**Instructions for the task:** Locate the word "Accessories" in the data below, then copy every line that holds it.

─── Records to use ───

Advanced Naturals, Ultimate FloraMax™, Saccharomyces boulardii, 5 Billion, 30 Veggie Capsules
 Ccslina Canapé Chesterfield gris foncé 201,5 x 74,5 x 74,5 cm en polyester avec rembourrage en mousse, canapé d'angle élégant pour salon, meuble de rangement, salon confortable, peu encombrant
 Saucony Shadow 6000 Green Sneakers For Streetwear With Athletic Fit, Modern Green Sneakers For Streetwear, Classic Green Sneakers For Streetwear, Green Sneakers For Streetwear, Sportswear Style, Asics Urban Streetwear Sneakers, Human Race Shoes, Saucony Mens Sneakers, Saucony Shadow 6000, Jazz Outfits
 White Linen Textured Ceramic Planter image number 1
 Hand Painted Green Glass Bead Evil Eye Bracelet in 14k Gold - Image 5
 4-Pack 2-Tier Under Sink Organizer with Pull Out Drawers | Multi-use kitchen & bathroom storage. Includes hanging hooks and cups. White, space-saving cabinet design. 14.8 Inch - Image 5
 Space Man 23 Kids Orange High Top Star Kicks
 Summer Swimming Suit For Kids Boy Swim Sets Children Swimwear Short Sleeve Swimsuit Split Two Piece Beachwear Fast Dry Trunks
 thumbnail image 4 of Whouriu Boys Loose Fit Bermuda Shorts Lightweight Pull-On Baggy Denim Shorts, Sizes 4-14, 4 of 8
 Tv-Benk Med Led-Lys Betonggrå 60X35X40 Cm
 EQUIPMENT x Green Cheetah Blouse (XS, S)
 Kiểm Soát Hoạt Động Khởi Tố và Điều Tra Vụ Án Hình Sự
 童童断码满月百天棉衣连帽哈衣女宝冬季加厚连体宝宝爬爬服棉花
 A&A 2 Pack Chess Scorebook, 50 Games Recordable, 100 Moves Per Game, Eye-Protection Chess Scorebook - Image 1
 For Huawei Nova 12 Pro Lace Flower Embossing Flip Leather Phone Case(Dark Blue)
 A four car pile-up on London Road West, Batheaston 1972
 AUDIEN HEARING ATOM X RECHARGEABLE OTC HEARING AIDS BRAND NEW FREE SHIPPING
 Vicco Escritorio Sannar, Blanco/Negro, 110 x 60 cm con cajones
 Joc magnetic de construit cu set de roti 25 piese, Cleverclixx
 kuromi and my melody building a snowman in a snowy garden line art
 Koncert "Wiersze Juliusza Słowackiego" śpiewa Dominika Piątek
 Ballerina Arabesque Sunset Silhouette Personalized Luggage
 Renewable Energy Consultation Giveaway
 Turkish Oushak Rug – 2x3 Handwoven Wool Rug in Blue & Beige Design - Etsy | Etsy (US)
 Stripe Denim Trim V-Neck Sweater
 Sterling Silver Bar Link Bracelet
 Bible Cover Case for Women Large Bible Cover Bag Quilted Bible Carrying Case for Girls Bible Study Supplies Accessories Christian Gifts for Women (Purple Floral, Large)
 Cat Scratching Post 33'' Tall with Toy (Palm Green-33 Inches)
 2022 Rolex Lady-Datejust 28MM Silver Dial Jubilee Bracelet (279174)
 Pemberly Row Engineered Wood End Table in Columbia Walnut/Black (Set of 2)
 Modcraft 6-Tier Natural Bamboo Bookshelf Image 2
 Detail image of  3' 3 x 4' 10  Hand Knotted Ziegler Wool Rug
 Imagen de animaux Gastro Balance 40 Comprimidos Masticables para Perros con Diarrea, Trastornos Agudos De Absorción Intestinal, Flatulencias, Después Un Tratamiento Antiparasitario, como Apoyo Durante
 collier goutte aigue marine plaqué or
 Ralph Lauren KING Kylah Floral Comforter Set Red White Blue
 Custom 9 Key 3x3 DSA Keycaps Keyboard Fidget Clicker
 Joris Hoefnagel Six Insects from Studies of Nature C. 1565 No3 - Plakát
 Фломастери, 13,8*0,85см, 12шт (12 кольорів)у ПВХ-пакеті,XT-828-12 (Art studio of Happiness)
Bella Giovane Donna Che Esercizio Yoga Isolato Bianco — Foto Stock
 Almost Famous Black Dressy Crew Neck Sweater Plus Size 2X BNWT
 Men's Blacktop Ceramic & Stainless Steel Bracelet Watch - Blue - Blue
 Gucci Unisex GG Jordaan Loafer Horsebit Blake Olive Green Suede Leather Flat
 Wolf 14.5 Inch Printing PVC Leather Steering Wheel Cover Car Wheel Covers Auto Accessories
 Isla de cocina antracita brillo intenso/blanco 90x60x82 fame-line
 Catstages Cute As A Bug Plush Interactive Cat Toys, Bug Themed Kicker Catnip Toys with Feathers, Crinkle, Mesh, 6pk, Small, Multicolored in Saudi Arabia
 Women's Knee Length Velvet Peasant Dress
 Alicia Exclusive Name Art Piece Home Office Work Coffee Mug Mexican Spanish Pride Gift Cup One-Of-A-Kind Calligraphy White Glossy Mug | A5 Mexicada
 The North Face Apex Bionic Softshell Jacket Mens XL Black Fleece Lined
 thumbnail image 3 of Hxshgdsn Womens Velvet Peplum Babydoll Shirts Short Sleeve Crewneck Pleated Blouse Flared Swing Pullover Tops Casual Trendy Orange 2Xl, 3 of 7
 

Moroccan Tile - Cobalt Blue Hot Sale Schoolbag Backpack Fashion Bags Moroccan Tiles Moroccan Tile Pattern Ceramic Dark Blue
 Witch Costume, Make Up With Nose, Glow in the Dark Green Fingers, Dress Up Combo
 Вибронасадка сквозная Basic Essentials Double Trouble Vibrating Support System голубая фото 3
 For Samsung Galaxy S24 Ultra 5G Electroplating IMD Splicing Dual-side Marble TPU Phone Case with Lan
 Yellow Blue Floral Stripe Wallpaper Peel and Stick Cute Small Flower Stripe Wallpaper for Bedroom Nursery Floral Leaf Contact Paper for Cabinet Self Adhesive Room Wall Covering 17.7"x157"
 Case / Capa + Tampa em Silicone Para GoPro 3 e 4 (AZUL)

───

**Response to this task:**
 Bible Cover Case for Women Large Bible Cover Bag Quilted Bible Carrying Case for Girls Bible Study Supplies Accessories Christian Gifts for Women (Purple Floral, Large)
 Wolf 14.5 Inch Printing PVC Leather Steering Wheel Cover Car Wheel Covers Auto Accessories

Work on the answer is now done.